Arjantinli Yahudi asıllı oyuncu Norman Briski, 'Gazze kesinlikle yenilmeyecektir' diye tarihe kayıt düşüyor, kesin kanaatini dile getiriyor. Bir Yahudi olmasına rağmen yaptıklarına ve nobranlığına karşılık İsrail'in sonunun geldiğine inanıyor. Belki bugün belki yarın belki yarından da yakın bir gelecekte. Araplar, bu mealde 'lükülli atin karip' demişlerdir. Kısaca her gelecek yakındır.
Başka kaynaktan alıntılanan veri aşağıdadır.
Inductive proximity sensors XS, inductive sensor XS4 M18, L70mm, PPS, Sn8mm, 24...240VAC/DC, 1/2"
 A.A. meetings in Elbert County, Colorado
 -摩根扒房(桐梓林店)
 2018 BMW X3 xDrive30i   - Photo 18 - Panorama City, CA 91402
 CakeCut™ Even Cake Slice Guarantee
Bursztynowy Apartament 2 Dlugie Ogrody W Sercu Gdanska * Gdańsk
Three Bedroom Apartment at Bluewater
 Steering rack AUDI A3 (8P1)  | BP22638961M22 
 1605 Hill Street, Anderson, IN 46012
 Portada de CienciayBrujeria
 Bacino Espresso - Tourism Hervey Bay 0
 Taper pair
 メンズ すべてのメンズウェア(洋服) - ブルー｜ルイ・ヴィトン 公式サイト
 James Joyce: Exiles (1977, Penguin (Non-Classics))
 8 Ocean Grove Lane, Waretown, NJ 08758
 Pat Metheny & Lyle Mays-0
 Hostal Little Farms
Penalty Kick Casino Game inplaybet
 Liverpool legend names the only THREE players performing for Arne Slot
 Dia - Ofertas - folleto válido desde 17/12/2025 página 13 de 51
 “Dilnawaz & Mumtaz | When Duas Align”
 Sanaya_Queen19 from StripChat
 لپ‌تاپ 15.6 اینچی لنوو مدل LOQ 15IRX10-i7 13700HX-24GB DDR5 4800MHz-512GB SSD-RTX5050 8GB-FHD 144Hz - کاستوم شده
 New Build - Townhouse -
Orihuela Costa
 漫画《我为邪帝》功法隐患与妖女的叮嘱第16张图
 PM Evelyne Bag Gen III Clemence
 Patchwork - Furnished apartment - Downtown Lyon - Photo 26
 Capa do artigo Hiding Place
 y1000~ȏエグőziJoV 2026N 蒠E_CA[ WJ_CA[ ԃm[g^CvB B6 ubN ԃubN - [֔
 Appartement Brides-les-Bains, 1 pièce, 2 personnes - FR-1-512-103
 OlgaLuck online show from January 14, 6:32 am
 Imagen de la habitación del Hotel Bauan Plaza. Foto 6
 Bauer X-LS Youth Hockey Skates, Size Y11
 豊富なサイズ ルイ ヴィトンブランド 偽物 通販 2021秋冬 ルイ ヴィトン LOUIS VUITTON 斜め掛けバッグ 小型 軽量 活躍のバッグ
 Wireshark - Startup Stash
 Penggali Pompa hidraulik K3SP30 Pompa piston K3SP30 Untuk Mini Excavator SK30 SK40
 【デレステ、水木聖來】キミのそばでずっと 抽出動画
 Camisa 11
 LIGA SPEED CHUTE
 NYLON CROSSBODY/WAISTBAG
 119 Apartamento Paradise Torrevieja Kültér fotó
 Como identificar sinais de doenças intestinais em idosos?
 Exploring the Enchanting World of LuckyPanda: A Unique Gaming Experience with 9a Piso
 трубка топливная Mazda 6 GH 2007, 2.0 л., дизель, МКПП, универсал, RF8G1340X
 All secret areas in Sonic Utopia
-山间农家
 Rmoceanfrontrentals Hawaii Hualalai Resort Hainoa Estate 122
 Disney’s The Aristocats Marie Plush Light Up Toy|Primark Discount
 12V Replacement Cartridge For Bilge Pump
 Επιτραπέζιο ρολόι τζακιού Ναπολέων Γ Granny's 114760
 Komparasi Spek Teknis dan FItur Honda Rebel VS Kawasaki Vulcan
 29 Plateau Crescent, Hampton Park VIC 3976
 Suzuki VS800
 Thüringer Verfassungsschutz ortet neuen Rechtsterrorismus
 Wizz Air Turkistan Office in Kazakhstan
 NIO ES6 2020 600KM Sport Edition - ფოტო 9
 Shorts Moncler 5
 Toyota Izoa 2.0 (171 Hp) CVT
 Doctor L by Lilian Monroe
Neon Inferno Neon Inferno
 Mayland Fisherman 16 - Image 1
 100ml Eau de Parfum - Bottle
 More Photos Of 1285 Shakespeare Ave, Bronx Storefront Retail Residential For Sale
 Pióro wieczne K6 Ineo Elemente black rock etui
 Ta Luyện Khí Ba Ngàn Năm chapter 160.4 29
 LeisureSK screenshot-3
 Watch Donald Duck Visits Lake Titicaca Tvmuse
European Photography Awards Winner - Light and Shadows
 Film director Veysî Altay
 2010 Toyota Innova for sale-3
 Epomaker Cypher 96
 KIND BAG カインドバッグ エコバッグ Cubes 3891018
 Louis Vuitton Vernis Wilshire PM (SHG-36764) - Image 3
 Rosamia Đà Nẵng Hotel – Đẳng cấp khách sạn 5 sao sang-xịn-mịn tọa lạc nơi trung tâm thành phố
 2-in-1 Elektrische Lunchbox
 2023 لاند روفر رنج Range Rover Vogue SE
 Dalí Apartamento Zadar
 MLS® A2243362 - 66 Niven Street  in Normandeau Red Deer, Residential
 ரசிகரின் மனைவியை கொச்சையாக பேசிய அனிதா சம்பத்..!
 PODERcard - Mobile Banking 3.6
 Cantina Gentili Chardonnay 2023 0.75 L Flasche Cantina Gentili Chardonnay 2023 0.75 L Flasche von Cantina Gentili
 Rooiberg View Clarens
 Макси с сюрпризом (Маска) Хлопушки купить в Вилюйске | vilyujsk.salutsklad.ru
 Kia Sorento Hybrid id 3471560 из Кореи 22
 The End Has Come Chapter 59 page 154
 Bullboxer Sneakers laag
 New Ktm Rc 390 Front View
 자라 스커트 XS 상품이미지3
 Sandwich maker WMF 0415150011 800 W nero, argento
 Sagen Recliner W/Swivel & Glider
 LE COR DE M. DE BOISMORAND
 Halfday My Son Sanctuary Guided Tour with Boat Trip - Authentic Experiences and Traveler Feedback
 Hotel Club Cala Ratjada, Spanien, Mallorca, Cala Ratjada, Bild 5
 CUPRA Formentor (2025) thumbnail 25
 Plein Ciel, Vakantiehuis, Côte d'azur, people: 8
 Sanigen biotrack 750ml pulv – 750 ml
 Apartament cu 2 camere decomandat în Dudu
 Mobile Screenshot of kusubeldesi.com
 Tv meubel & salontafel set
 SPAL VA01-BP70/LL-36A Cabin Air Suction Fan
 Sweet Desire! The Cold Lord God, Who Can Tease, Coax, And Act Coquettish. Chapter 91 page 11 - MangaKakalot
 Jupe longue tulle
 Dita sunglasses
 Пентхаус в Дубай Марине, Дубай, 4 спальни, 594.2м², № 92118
Yahudi asıllı bu ihtiyar sanatçıyı böyle konuşturan sır ya da hakikat nedir? İsrail'in yatışmaz bir yapıda olması tarihle, günümüzle ve gelecekle barışık olmaması, uyumsuz bir yapıda olmasıdır. Anakronik yapı sonuna doğru koşuyor. İsrail, yaşama kabiliyetine haiz olmayan anormal yapıda bir devlettir. Küfür payidar olur ama zulüm payidar olmaz. Zulüm, fıtrata aykırıdır. Evet, küfür de en büyük zulümdür lakin örtülü bir zulümdür. Bazen küfür ehlinden de beklenmedik şekilde insaf kırıntıları da sadır olabilir.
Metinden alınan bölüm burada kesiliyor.